La doctrine de la co-industrialisation.
Sortir des logiques unidirectionnelles héritées.
La relation économique entre l'Europe et l'Afrique s'est longtemps pensée à sens unique : matières premières d'un côté, produits finis de l'autre, aide au développement compensant les asymétries. Cette grammaire est dépassée. Elle ne rend plus compte du poids démographique, technologique et productif de l'Afrique, ni des besoins de compétitivité et de souveraineté de l'Europe.
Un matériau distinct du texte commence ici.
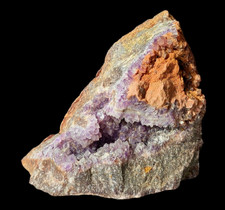 Amethyst mapimi durango gebraucht kaufen  Ilmenau, Martinroda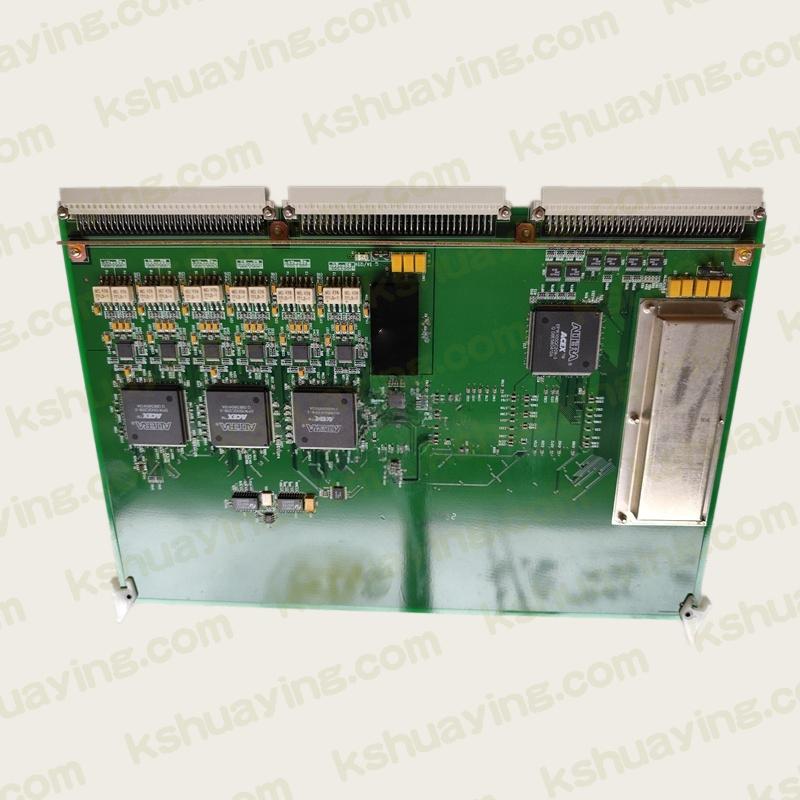 TOSHIBA Famio 8 (SSA-530A) Ultrasound Board TSB1-30-20207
La doctrine de la co-industrialisation propose une autre grammaire. Elle repose sur des partenariats où la valeur ajoutée, les compétences et la décision se partagent. Elle considère que l'industrialisation de l'Afrique et la compétitivité de l'Europe ne s'opposent pas : elles se renforcent mutuellement lorsqu'elles sont pensées ensemble, dans une logique de chaînes de valeur intégrées et de projets structurants.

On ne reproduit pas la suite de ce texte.